Open Houses Showcase High-Priced Artwork
Real estate and staging professionals of luxury listings are turning to high-priced, original artwork to dress up their open houses and offer up another pull for potential home buyers to visit.
Some professionals are coordinating with art galleries to rent original art pieces to hang during home showings. The pieces then are for sale too.
Real estate professionals and the art galleries “say it’s a win-win: The pieces make the homes feel more luxurious and one-of-a-kind, and the art is more likely to be sold if it’s brought to a place where wealthy buyers are sure to pass through,” the Los Angeles Times reports.
For example, in staging a renovated estate in Pacific Palisades in the Los Angeles area, developers hung Picasso sketches, artwork by David Hockney and Donald Sultan, a Vija Clemins ocean lithograph, and two Ethan Murrow drawings. Nearly all of the pieces “reference California or classic Western imagery,” Janus Cercone, principal of Jaman Properties in Los Angeles, told the Los Angeles Times.
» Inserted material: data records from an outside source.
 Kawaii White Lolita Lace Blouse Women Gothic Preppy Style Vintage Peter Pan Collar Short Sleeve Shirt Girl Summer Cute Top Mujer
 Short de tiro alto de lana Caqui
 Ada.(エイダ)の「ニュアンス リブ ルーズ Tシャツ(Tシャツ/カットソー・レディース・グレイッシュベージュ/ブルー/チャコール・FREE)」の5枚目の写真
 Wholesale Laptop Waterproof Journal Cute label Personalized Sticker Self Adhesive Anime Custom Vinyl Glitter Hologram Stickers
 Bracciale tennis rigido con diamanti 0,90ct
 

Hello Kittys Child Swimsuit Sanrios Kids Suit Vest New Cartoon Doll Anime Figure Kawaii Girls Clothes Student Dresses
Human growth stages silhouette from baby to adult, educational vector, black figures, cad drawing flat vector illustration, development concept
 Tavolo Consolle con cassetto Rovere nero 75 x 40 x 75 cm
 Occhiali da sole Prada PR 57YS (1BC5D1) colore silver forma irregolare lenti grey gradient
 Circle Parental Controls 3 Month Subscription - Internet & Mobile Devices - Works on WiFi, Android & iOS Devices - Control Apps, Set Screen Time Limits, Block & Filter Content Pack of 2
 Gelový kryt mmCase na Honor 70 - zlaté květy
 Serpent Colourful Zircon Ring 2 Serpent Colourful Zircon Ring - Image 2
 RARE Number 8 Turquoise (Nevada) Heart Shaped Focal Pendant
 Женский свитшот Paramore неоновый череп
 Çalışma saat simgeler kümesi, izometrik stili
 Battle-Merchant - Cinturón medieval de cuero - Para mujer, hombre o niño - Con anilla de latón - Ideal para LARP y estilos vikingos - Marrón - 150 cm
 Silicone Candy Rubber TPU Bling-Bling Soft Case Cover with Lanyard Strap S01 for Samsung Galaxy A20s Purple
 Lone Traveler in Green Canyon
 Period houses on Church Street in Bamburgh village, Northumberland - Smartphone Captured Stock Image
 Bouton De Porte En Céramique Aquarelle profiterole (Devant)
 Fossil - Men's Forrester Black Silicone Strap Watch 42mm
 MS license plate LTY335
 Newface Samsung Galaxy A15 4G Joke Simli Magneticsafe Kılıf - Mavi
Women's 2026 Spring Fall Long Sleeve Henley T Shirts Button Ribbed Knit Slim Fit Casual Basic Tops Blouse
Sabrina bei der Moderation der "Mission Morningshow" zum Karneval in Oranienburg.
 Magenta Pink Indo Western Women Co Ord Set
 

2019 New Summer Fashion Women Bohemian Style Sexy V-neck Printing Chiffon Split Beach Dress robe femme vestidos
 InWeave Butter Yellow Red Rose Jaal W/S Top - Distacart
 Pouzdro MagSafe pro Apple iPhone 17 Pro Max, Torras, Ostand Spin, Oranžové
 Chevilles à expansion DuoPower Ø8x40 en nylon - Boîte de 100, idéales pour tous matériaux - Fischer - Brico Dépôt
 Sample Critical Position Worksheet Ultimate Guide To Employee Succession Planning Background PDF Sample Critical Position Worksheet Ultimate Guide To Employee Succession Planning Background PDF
Cercone says the galleries usually offer the artwork to lend for free, but she then spends thousands of dollars on insurance, professional art packers, transporters, installers, and around-the-clock armed security.
“It adds up,” Paul Lester, principal partner at the Agency, told the Times. “But it definitely creates a secondary level of depth and gives more credibility to the house itself because there’s a richness to it, a fullness you don’t get from a lot of the staging art you see.”